You seem tired. I think that's enough for today. Thanks for stopping by! Come back around this weekend, there's plenty more to see and do in wonderful Daejeon!

Tuesday, November 6, 2007

One Month Down...

Greetings!

The weather has turned cold, which is unfortunate as I will have to start wearing regular shoes to work. I currently wear flip flops as we are not allowed to wear "outside shoes" into school, and it's easiest to flip off the outside flops and slip on the inside flops. You'll be amused to know that as the weather has turned colder, I've taken to wearing socks with my flips, which means that the thong part squishes the socks down between my big and second toes. It's very sexy.

Although it's very quiet and I get stared at a lot due to the lack of foreigners in my immediate area, my dong is starting to grow on me. There's a giant trampoline down the block that it so genius and so wonderful I wonder why it hasn't taken off in the U.S. yet. (I'm sure it has to do with the "inherent danger" of the evil trampoline. Koreans are much less protective of their offspring than we are, and as a result, these kids are tough- much tougher than myself!) 6 trampolines joined together, covered by a giant dome-shaped tarp. It's fantastical. There's also an apartment park down the other block, and a larger neighborhood park about 10 minutes away. The old ladies sit on the sidewalk selling their vegetables, and the mothers haggle with them over bundles of turnips. I've taken to walking around the streets for a short while after work, and I discover something new every time, no matter how many times I've already paced the street.

I've yet to seen blatant proof of this, but I've seen hints of it----- I live on Prositution Row. There's many bars on my street with the windows darkened, and others have booths that are visible through the windows but there are curtains surrounding the booth, which is a sure sign of suspicious activity.

More ludicrous than the fact that my school put me up on this street is the fact that a hagwon is being built here, and it's the first ground level hagwon that I've ever seen.

"Kids, let's talk about jobs. See that lady walking down the street? What is her job?" "Prostitute, teacher!" "Good job, class! Can you spell prositute?" "P-r-o-s-t-i-t-u-t-e." "Very good!!"

I'm finally remembering all the good things- and bad- things about being here. The good things are my kids, and the laughs they give me, and watching them learn. Eating dinner with my friends. Being independent and not having to answer to anyone. The subway. Green tea. Men carrying purses. Going to the market and not having any idea what those crazy vegetables are. Having time to read and watch movies.
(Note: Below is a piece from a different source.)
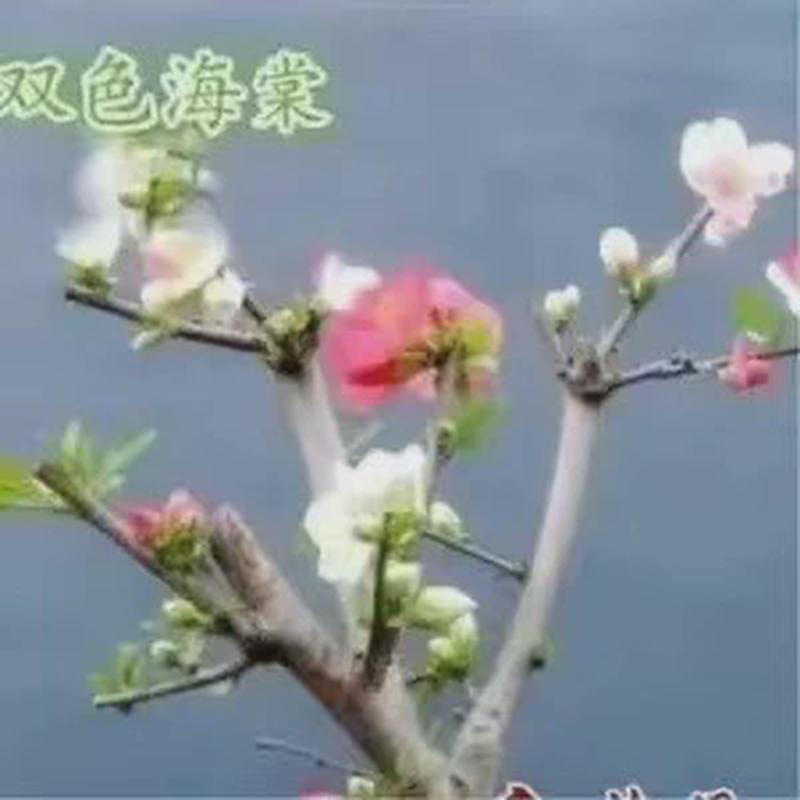 高杆西府耐寒花卉丝北美海棠花苗地栽盆栽庭院海棠树植物垂木本花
Kids wearing shirts that say "Eat shit" and "Tell your boobs to stop looking at my face" and being completely clueless about it - one of my favorite kids (she's about 16) wore a shirt today that said *In nature, the little head does all the thinking.* If she only knew!

The bad things are the lack of bookstores with English books. Not being able to communicate when the cashier accuses me of not giving her enough money. Korean men who think I'm a hooker. Being years older than all the girls here, and listening to them moan about how old they are. Listening to girls complain about how fat they are. (Would you complain about your glasses to a blind man? Would you complain to a quadraplegic about sore knees after running a race? Sure, I love my tits and ass, but come on!) TV- they show the same horrible shows and movies over and over and over again. The noise- everyone is loud here. Cars honking 24/7. People yelling in the street at 2 am. Missing my nephews. Missing my friends. Being the only single person in a group of people who have somehow managed to find companionship in this desolate and strange place. Saying goodbye- always saying goodbye.

The worst thing is the loneliness. Even for those lucky enough - or stupid enough- to have found love here, loneliness is a constant. I don't know why. Maybe it's being away from home, or not being able to communicate, or the constant emigration of people, but it's difficult to feel connected here. Sometimes, the loneliness runs so deep that I can hear the pulsing of my heart echo through my body.

The past month has flown by, and I know the rest of the year will too. I try not to think about coming home, but I do. Part of me can't wait to come back- when something makes you happy, it only makes sense that you'd want to be with it all the time (stolen from a movie, I can't remember which one). But part of me loves this freedom and this life and although it's not exactly stable, in a perverse way, it offers me security and protection.

I keep reminding myself that I returned to Korea for very specific reasons. I think as long as I accomplish my goals, I'll be ready to come home.

If not......

I miss you all. I hope that each day is filled with your own personal Snow Cake.

Tuesday, October 23, 2007

20 Days In

I've been back a few weeks now, and things are finally starting to fall into place.

My apartment is much nicer than the "accommodations" I was provided with last year. It's still kind of a dump, and the couple that left didn't exactly do a stellar job of cleaning, but I'm just happy to have 3 rooms instead of one. Living in a closet isn't exactly condusive to a positive attitude, you know?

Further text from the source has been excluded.